RECORDS FOR THIS EXERCISE
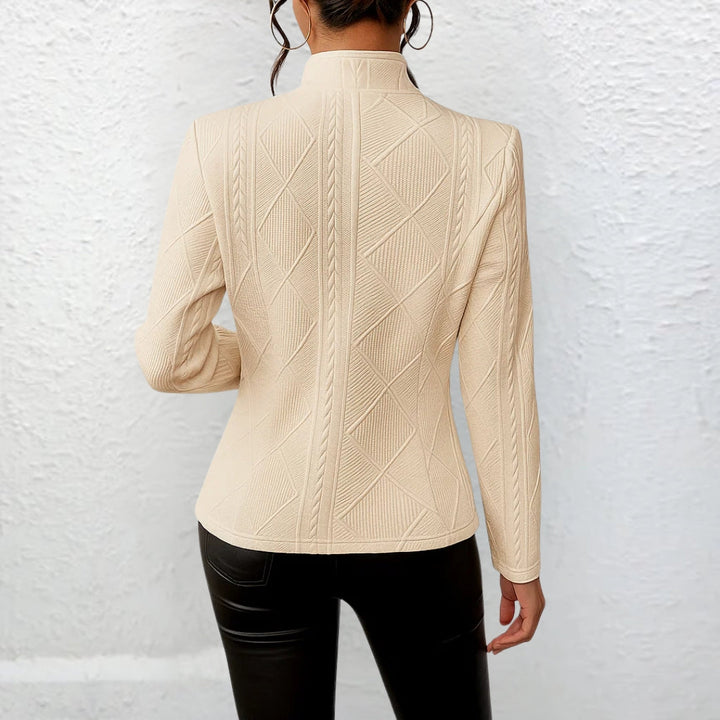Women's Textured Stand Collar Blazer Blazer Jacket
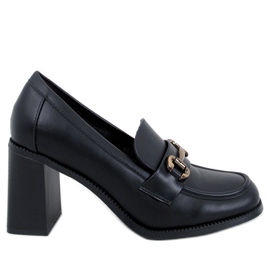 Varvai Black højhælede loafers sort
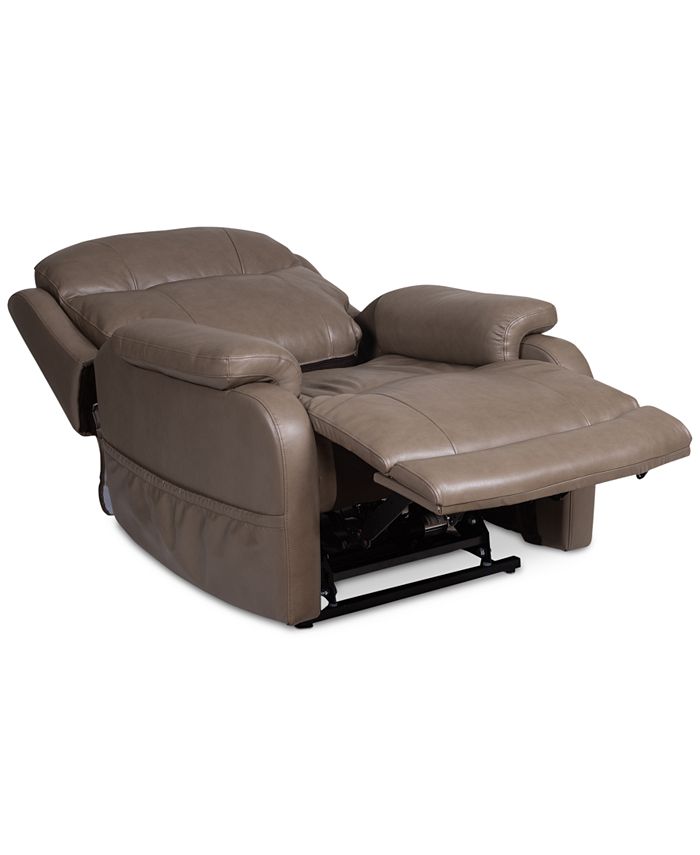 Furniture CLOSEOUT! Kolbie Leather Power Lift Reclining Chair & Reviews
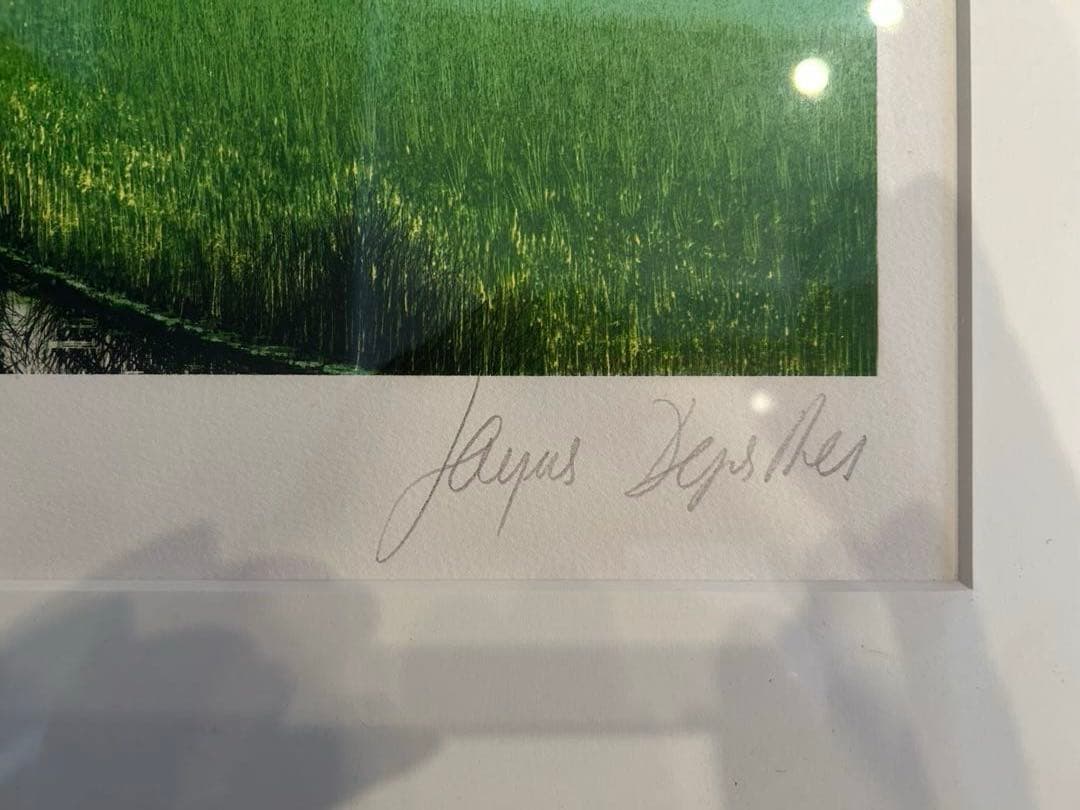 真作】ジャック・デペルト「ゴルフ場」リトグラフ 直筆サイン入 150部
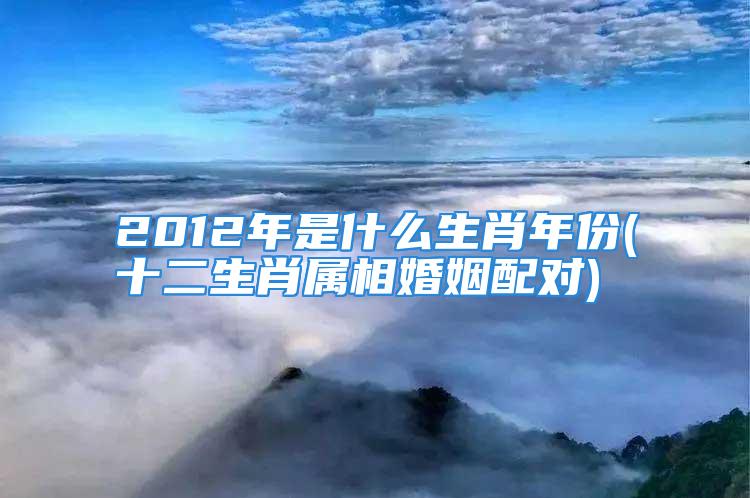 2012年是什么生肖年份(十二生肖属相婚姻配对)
* * *
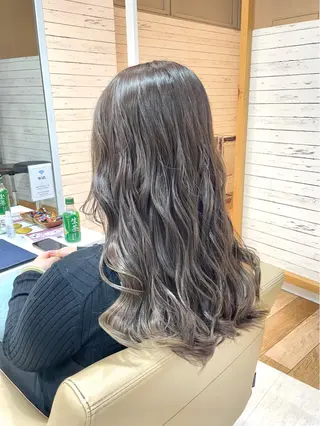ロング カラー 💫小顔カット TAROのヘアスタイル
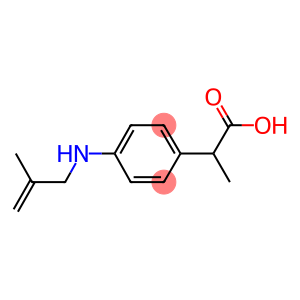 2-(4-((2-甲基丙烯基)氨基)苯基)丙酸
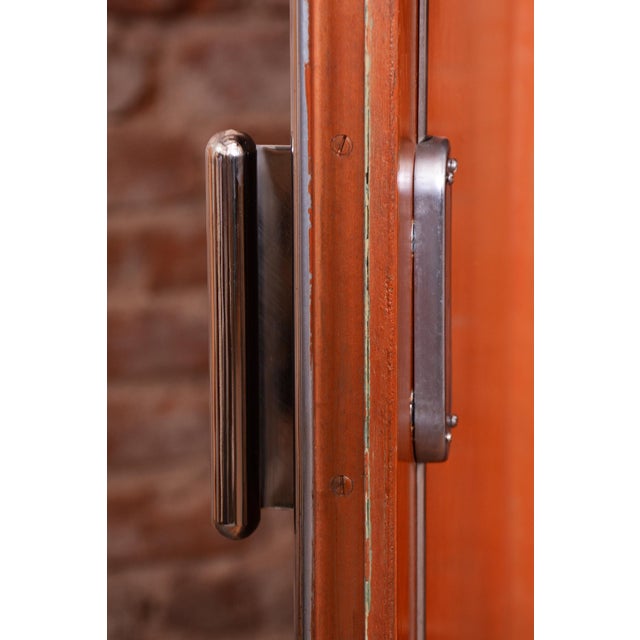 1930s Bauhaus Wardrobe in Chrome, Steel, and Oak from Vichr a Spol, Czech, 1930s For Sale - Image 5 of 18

WHAT TO PRODUCE
Of the lines above, quote exactly those from the one with "ロング カラー 💫小顔カット TAROのヘアスタイル" through the one with "1930s Bauhaus Wardrobe", ends included; pictures stay out.

EXERCISE OUTPUT
ロング カラー 💫小顔カット TAROのヘアスタイル
 2-(4-((2-甲基丙烯基)氨基)苯基)丙酸
 1930s Bauhaus Wardrobe in Chrome, Steel, and Oak from Vichr a Spol, Czech, 1930s For Sale - Image 5 of 18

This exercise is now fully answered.